C’est assez cyclique. On est tantôt sur un costume extra large et épaules tombantes, tantôt sur un costume plus cintré. Mais, la structure est globalement la même, en particulier sur une pièce comme le tailleur. La base reste classique. On joue avec la coupe mais aussi avec les composants extérieurs, par exemple on peut utiliser moins de plastron qui rigidifie la base. C’est plus léger au niveau de la structure, surtout pour les femmes. Les hommes sont peut-être plus attachés à la tradition du tailleur.

Veste tailleur rouge 17h10, design by Véronique Jordan / Crédits photo : Charlotte Navio

Il existe donc des règles inconditionnelles pour faire un uniforme. Quelles sont-elles ?

Tout dépend de la matière et du tombé souhaité par le styliste. Le tombé peut être souple ou droit. Quant à la matière, il en existe pour tous les goûts ! Ensuite, il y aura toujours une recherche à faire au niveau du thermocollant à mettre à l’intérieur de la pièce, une recherche du plastron, ou encore de la structure de l’épaulette. Rien que pour ces dernières, il existe une cinquantaine de modèles. On ne dirait pas comme ça mais l’épaulette est très complexe !

Avez-vous remarqué une évolution des pratiques autour de votre métier vers plus d’écoresponsabilité ?

Oui. Je pense par exemple à un client qui veut faire des tailleurs avec le moins d’impact carbone possible, c’est-à-dire qu’il va choisir les pièces en fonction de leur impact carbone. Il a notamment décidé de remplacer les zips, qui sont tous produits en Chine sans aucune traçabilité, par des boutons en caséine de lait. Chaque composant du tailleur est étudié en fonction de son empreinte carbone. Dans ce cas, on essaie de combiner esthétique du tailleur, tradition et confort avec le cahier des charges écologiques du client.

Parmi vos clients, vous travaillez notamment pour la marque 17h10 qui propose aux femmes le tailleur parfait.

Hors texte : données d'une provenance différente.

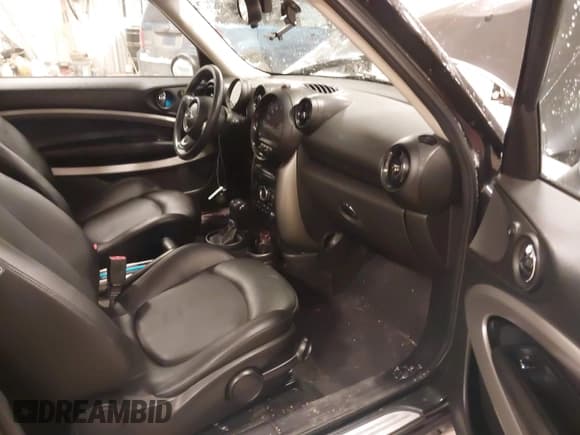 ✅ 2015 MINI Paceman • VIN: WMWSS1C57FWN94914 • Lot: 41553167. Wystawiony na IAAI z przebiegiem 70 134 mil. Bezpłatny archiwum sprzedaży aukcyjnych z USA i szczegółowy raport historii pojazdu na DreamBid. Zdjęcie 5.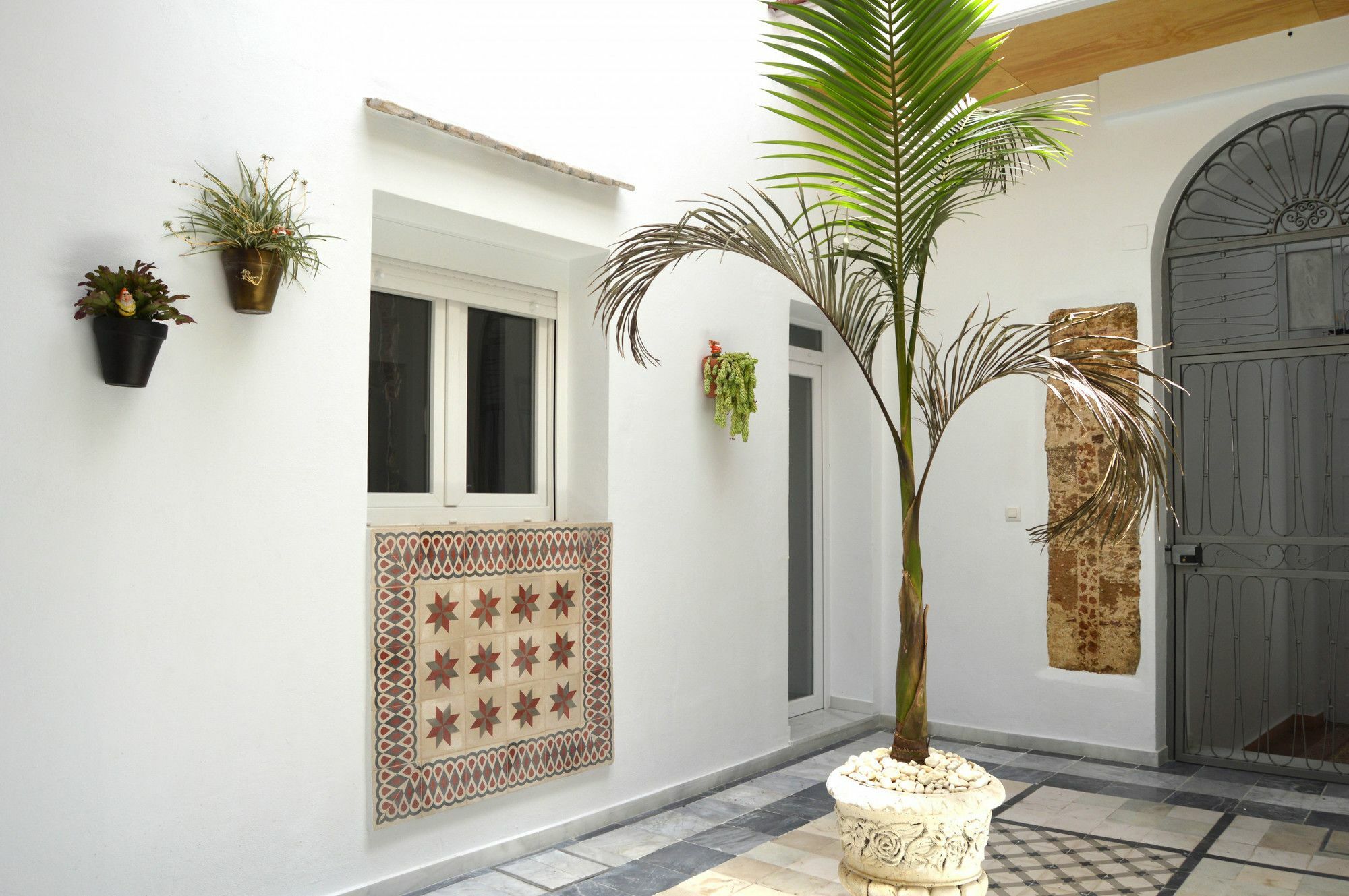 Apartamento 19 Dias Y Muchas Noches Cadiz Bagian luar foto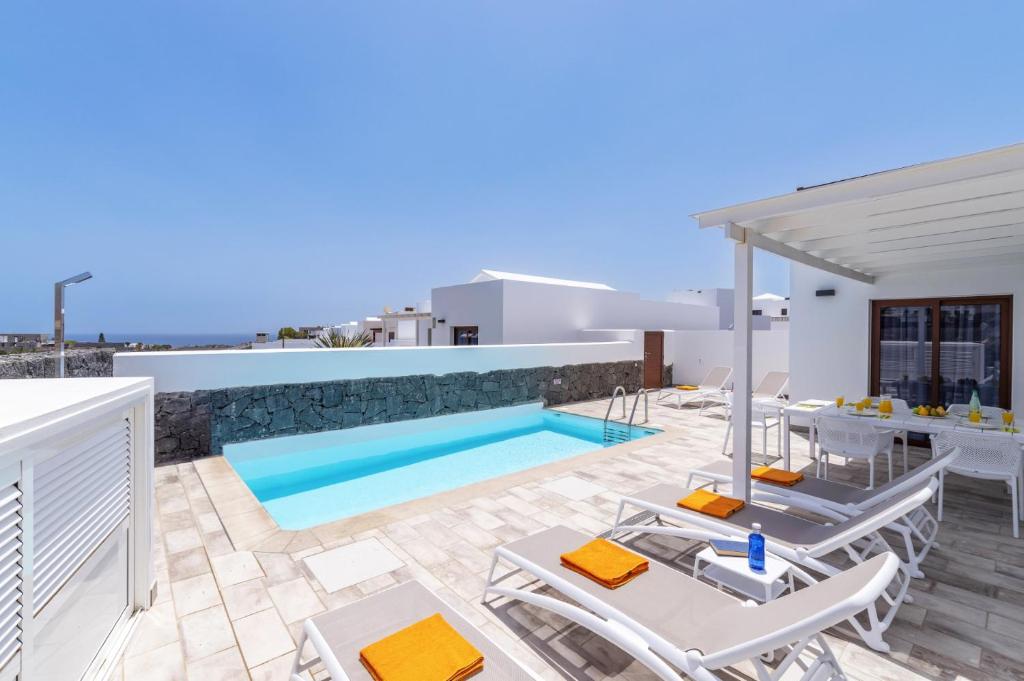 Villa Femes by Villa Plus - 2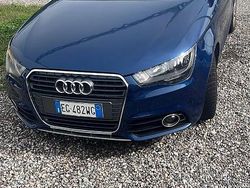 Usata 2011 Audi A1 Tre volumi | 4300 € (Super prezzo)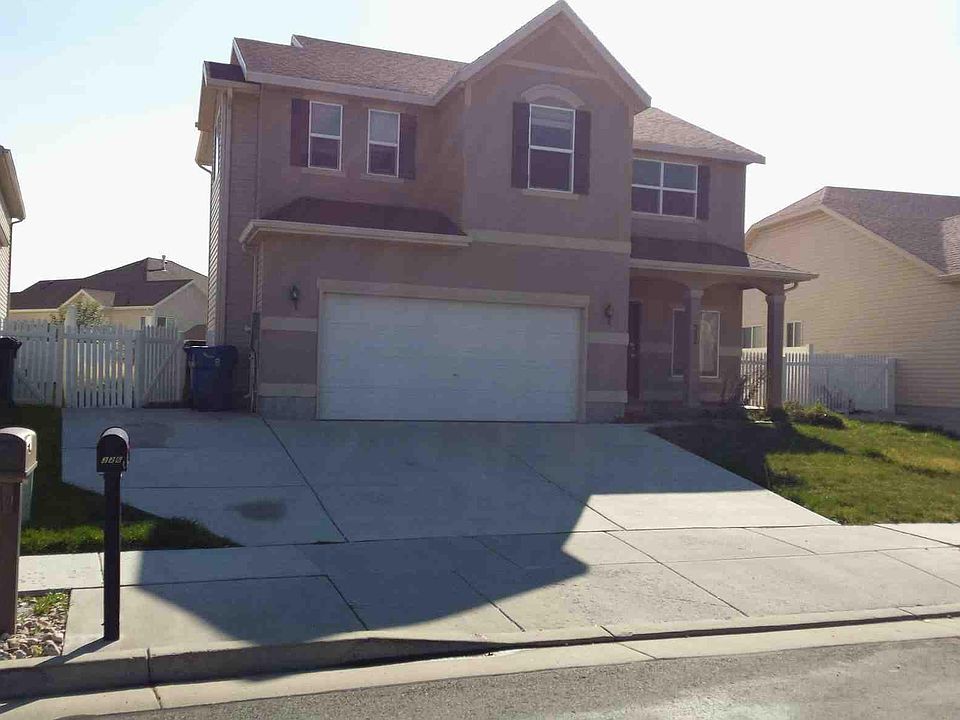 1st image of 326 E Interlochen Ln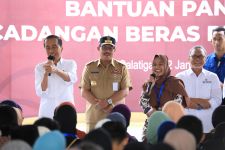 Pj Gubernur Jateng Dampingi Jokowi di Salatiga, Salurkan Bantuan Pangan - JPNN.com Jateng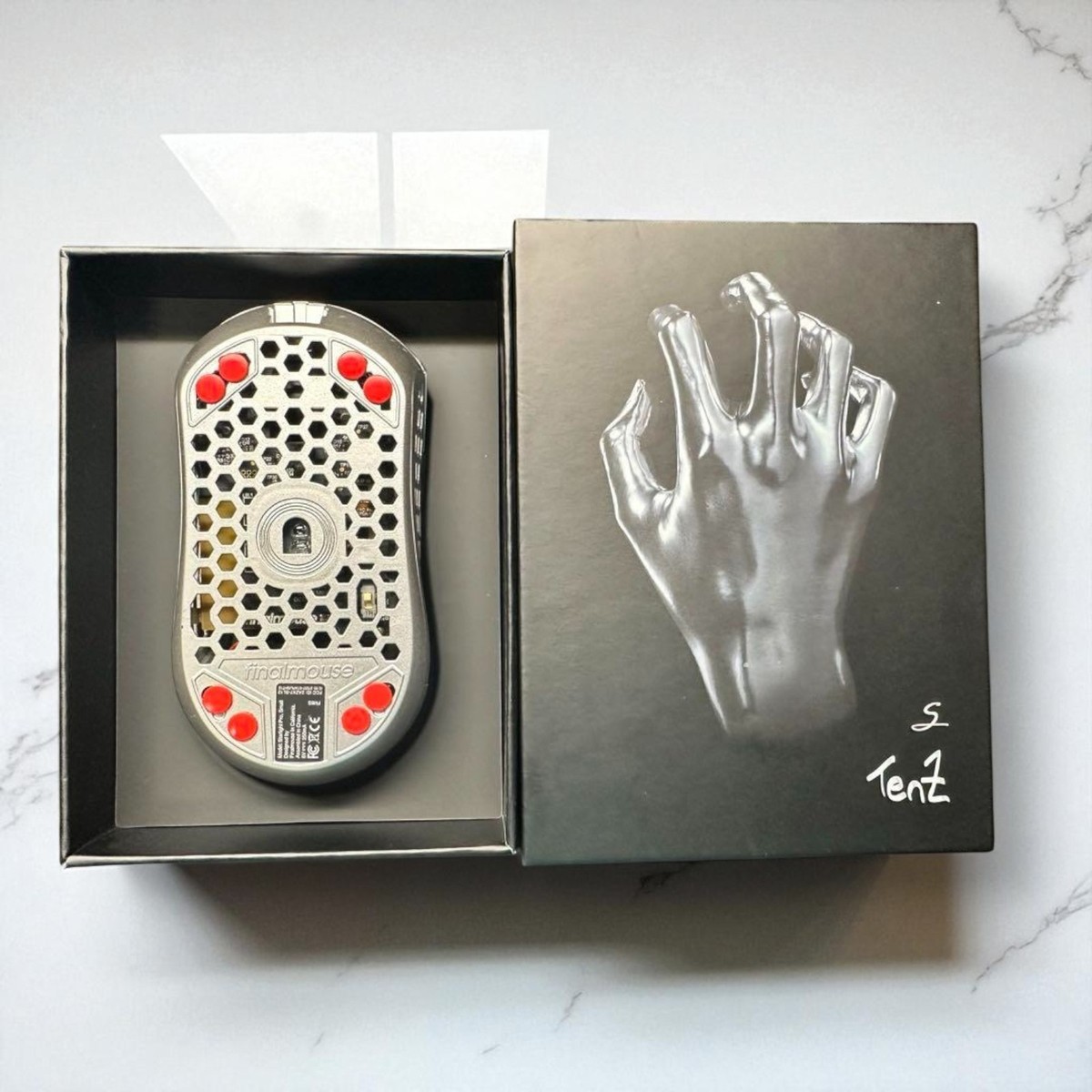 Souris sans fil - Finalmouse Starlight Pro Tenz - Medium (D'occasion) à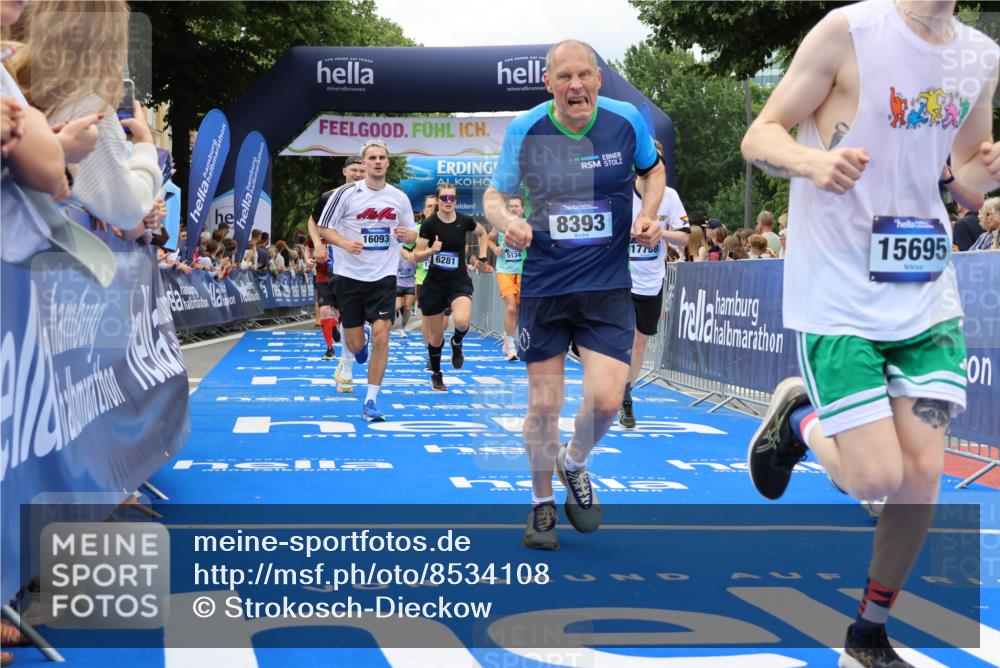 29.06.2025 - hella hamburg halbmarathon Strokosch-Dieckow http://msf.ph/oto/8534108 29.06.2025 10:57:26 Ziel 2236, 3435, 4502, 5015, 5134, 5728, 5926, 6272, 6281, 6302, 8393, 9450, 9727, 12144, 12590, 13245, 13394, 13664, 15695, 16093, 16830, 17160, 17758, 17828 meine-sportfotos.de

C’est quoi le tailleur parfait alors ?

Le tailleur parfait doit aller à beaucoup de gens et à beaucoup de morphologies. Moi, je n’ai jamais porté de tailleur et j’en ai justement acheté un chez 17h10. Il a vraiment changé ma posture. S’il est bien coupé, on se sent bien dedans et on se sent dans une position de force. Il met en valeur et donne de l’aplomb. Ce qui est bien aussi est qu’il peut se porter à différents moments de la journée, aussi bien au travail que pour aller manger un bout avec des copines. Ce tailleur est vraiment, pour ma part, la pièce dont j’ai besoin pour me donner un petit coup de pouce.